If you develop a Relentless Solution Focus (RSF), you will not only be prepared for adversity, but you will be able to thrive in it. This mind-training regimen – which I’ve taught to tens of thousands of people – makes it possible for you to reframe every problem into an opportunity for positive, productive action. We’ve all seen the amazing feats of human accomplishment by those who seem to have superhuman levels of mental toughness. But what about us mere mortals? You don’t have to be born with abnormally high levels of mental toughness to reap its benefits. Anyone can develop the mentally toughness required to thrive though adversity and achieve high levels of success and happiness. The Relentless Solution Process is simple, and only requires that you commit to training your brain on a consistent basis. Here’s what you need to know about this three-step process:
Recognize – First, recognize when negative thinking has set in. You may be surprised how difficult this is to do without training. Most of us are good at recognizing when other people are stuck in negative thoughts, but we have a much harder time self-assessing.
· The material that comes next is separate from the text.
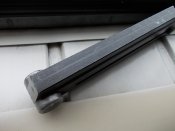 Магазин Р.08/Haenel Schmeisser Patent/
The RSF process teaches you to be alert to negative thoughts, and to use the onset of this thinking to create positive behavior change. This is critical because what anyone focuses on expands. Focusing on problems makes them larger and less manageable.
Replace – Once you recognize your problem-focused thoughts, it is essential to replace the negative thinking with more positive thoughts. The key is to do it quickly—within 60 seconds or less. To do this, you must ask yourself one simple question: “What is one thing I can do right now that could make this better?” This simple question allows you to replace your problem-centric thoughts with a solution. Without it, you will undoubtedly get stuck in the problem. Imagine your brain has a mental chalkboard with a line down the center dividing the problem side and the solution side. When you identify a problem, you must to put a potential solution on your mental chalkboard within 60 seconds using this question. Fortunately, just as focusing on problems causes them to expand, focusing on solutions has the same effect.
Retrain – No muscle becomes strong without training. Developing mental strength requires training, as well. Although negative thinking is hardwired, the brain has the ability to change. It’s a matter of developing new habits – such as the one described above with the mental chalkboard. Make a drawing that represents the mental chalkboard. On a piece of paper, draw a vertical line down the center. On the left side of the line, write “problems,” and on the right side write “solutions.” In the middle of the page, write the question, “What is one thing I can do right now that could make this better?” Leave this piece of paper somewhere in plain sight—on your desk, your nightstand, or somewhere you will see if frequently. Every time you recognize that you are focus on a problem, use this mental chalkboard to replace that focus with a potential solution. When you are relentless about this process, you will see significant improvements in your success and happiness.
Adversity itself isn’t controllable. What is always controllable is what you do about it. The mentally tough relentlessly zero in on what can be done—the solution side of the mental chalkboard.